● What to produce: An exact copy of all the data is the expected answer.

[Items listed in a dataset]

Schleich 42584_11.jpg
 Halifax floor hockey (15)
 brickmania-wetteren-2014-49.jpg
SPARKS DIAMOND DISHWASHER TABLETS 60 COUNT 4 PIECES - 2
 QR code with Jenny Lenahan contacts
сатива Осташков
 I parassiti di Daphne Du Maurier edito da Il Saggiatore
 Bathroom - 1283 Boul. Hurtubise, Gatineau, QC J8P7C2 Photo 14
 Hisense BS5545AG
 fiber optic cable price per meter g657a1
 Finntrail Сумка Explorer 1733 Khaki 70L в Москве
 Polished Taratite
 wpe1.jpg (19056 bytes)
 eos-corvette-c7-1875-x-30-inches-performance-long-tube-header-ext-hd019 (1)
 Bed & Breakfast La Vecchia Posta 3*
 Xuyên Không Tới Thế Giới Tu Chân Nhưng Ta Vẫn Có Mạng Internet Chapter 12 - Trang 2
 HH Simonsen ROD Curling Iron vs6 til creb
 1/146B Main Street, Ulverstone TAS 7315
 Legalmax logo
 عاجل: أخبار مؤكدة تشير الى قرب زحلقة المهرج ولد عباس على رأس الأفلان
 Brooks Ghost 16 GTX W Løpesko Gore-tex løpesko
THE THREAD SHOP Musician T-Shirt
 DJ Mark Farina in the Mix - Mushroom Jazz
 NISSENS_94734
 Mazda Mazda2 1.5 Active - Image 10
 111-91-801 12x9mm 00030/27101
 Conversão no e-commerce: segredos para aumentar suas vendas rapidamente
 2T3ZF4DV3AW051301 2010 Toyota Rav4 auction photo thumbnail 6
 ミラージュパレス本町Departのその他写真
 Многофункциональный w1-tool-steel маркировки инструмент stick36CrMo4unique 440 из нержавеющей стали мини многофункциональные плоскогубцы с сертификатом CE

● Answer for the task:
Schleich 42584_11.jpg
 Halifax floor hockey (15)
 brickmania-wetteren-2014-49.jpg
SPARKS DIAMOND DISHWASHER TABLETS 60 COUNT 4 PIECES - 2
 QR code with Jenny Lenahan contacts
сатива Осташков
 I parassiti di Daphne Du Maurier edito da Il Saggiatore
 Bathroom - 1283 Boul. Hurtubise, Gatineau, QC J8P7C2 Photo 14
 Hisense BS5545AG
 fiber optic cable price per meter g657a1
 Finntrail Сумка Explorer 1733 Khaki 70L в Москве
 Polished Taratite
 wpe1.jpg (19056 bytes)
 eos-corvette-c7-1875-x-30-inches-performance-long-tube-header-ext-hd019 (1)
 Bed & Breakfast La Vecchia Posta 3*
 Xuyên Không Tới Thế Giới Tu Chân Nhưng Ta Vẫn Có Mạng Internet Chapter 12 - Trang 2
 HH Simonsen ROD Curling Iron vs6 til creb
 1/146B Main Street, Ulverstone TAS 7315
 Legalmax logo
 عاجل: أخبار مؤكدة تشير الى قرب زحلقة المهرج ولد عباس على رأس الأفلان
 Brooks Ghost 16 GTX W Løpesko Gore-tex løpesko
THE THREAD SHOP Musician T-Shirt
 DJ Mark Farina in the Mix - Mushroom Jazz
 NISSENS_94734
 Mazda Mazda2 1.5 Active - Image 10
 111-91-801 12x9mm 00030/27101
 Conversão no e-commerce: segredos para aumentar suas vendas rapidamente
 2T3ZF4DV3AW051301 2010 Toyota Rav4 auction photo thumbnail 6
 ミラージュパレス本町Departのその他写真
 Многофункциональный w1-tool-steel маркировки инструмент stick36CrMo4unique 440 из нержавеющей стали мини многофункциональные плоскогубцы с сертификатом CE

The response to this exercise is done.